The answer should be the records below, word for word, with every image left out.

Data entries
= = =

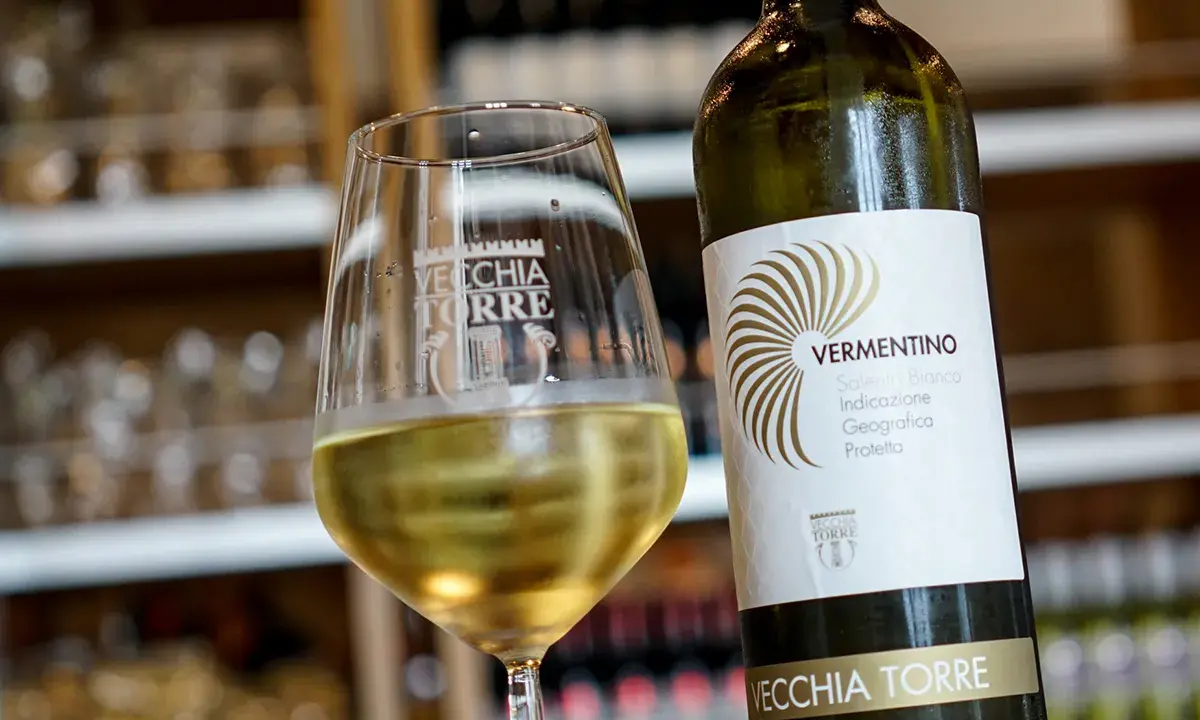 Un bicchiere di vino bianco Vermentino, frizzante e dorato, accanto alla sua bottiglia Vecchia Torre.
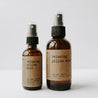 Relaxing essential oil based pillow sprays. One 2 oz amber glass bottle and one 4 oz bottle in front of a white background.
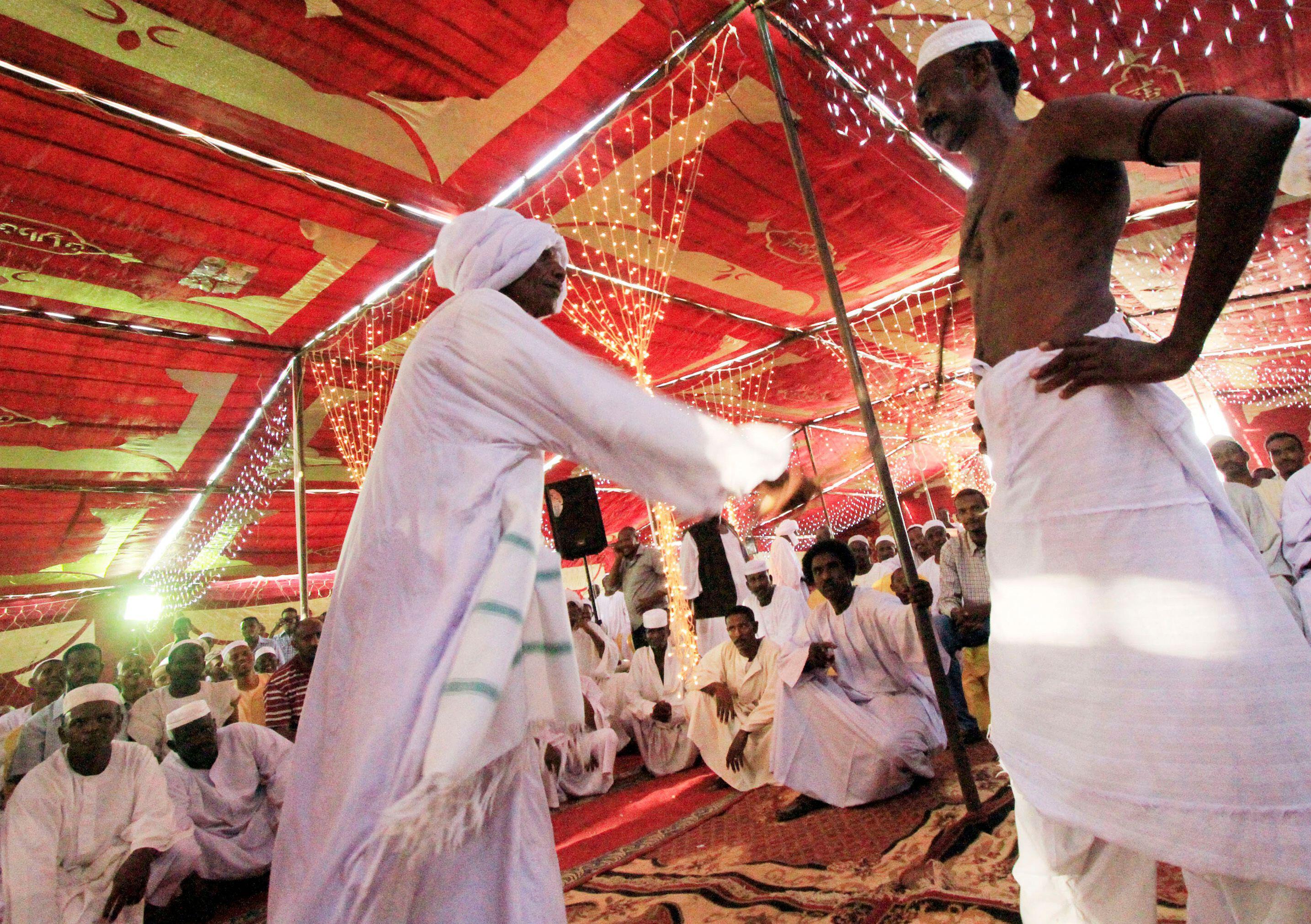 A man whips another during a traditional ceremony at a wedding
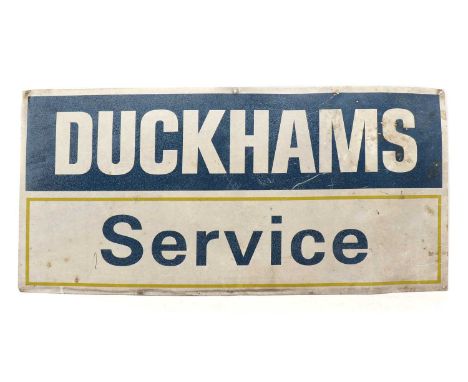 A vintage Duckhams service sign, in blue, yellow and white, 50cm x 100cmCondition report: Fading and pitting to surface, pane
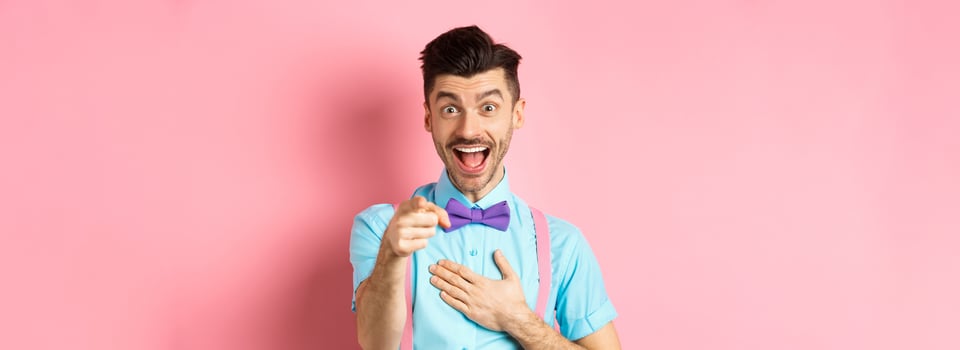 Funny guy laughing at something hilarious, smiling amazed and pointing finger at camera, standing on pink background photo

= = =

• SOLUTION TO THIS PROBLEM:
 Un bicchiere di vino bianco Vermentino, frizzante e dorato, accanto alla sua bottiglia Vecchia Torre.
 Relaxing essential oil based pillow sprays. One 2 oz amber glass bottle and one 4 oz bottle in front of a white background.
 A man whips another during a traditional ceremony at a wedding
 A vintage Duckhams service sign, in blue, yellow and white, 50cm x 100cmCondition report: Fading and pitting to surface, pane
 Funny guy laughing at something hilarious, smiling amazed and pointing finger at camera, standing on pink background photo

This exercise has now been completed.